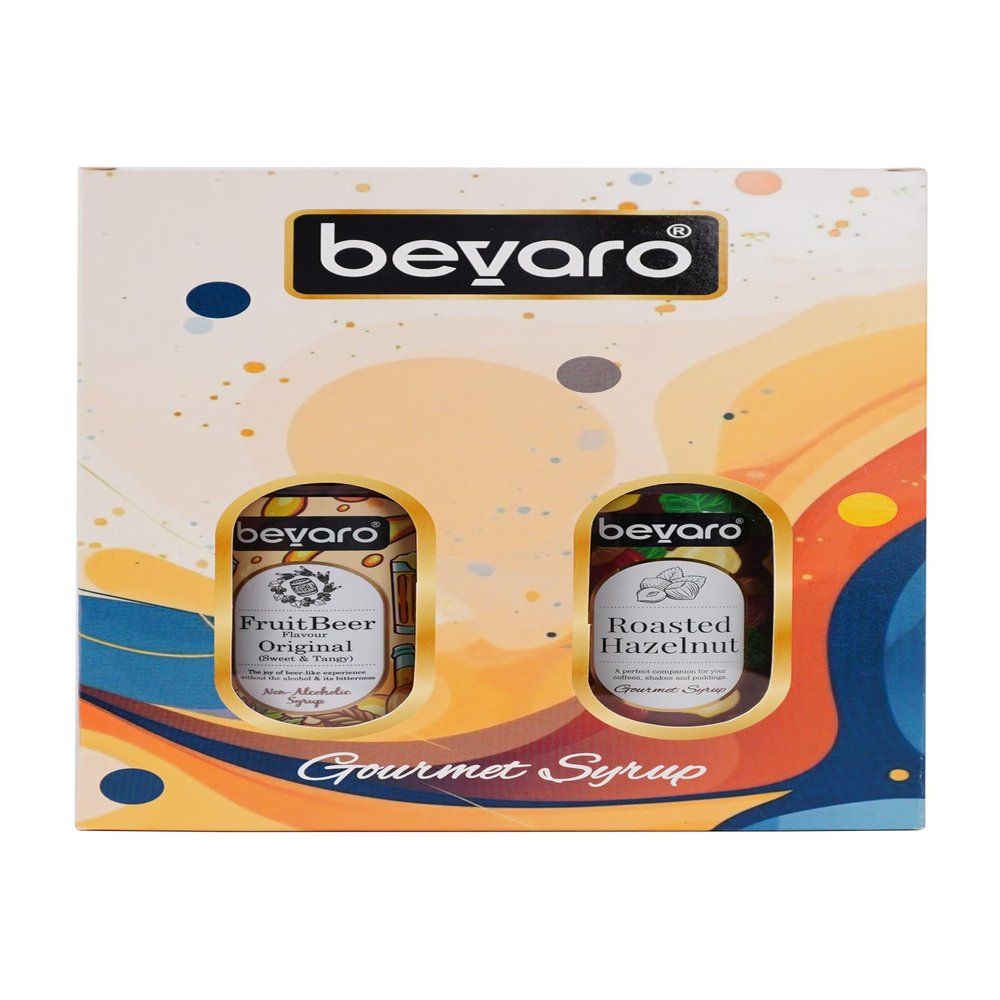 Bevaro Gift Box FruitBeer Original And Roasted Hazelnut Syrup 300ml Each,For Shakes and Desserts Add-ons (Pack Of 2)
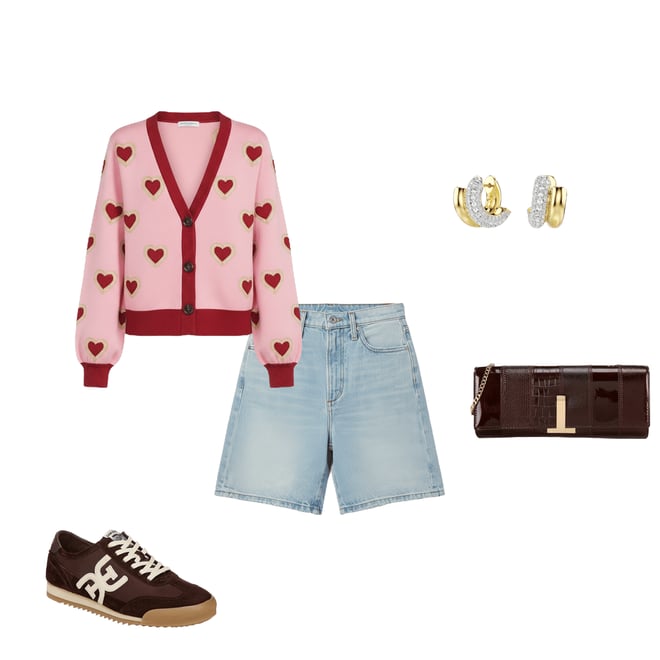 Never Fully Dressed Pink Hearts V-Neck Long Sleeve Cardigan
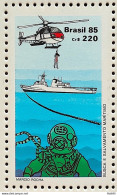 C 1467 Brazil Stamp Maritime Rescue Safety Health Helicopter Ship Scuba Diver 1985 - Neufs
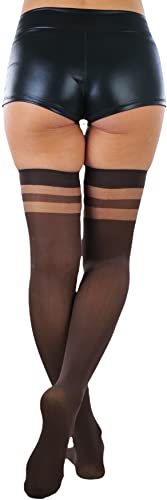 Image of ToBeInStyle Women's Nylon Thigh High Schoolgirl Opaque Stockings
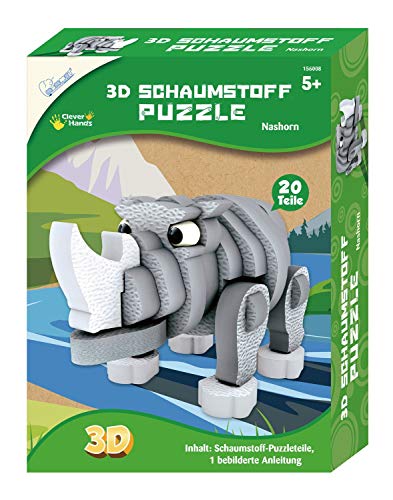 Mammut 156008 - Bastelset 3D Puzzle Nashorn, Puzzlespiel mit Safari Tieren, Tierpuzzle aus Schaumstoff, Komplettset mit Puzzleteilen und Anleitung, Kreatives Puzzleset für Kinder ab 5 Jahre von Mammut Spiel & Geschenk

* **Your instructions**:
In your copy, include no pictures, but reproduce all records exactly.

* **Answer section**:
 Bevaro Gift Box FruitBeer Original And Roasted Hazelnut Syrup 300ml Each,For Shakes and Desserts Add-ons (Pack Of 2)
 Never Fully Dressed Pink Hearts V-Neck Long Sleeve Cardigan
 C 1467 Brazil Stamp Maritime Rescue Safety Health Helicopter Ship Scuba Diver 1985 - Neufs
 Image of ToBeInStyle Women's Nylon Thigh High Schoolgirl Opaque Stockings
 Mammut 156008 - Bastelset 3D Puzzle Nashorn, Puzzlespiel mit Safari Tieren, Tierpuzzle aus Schaumstoff, Komplettset mit Puzzleteilen und Anleitung, Kreatives Puzzleset für Kinder ab 5 Jahre von Mammut Spiel & Geschenk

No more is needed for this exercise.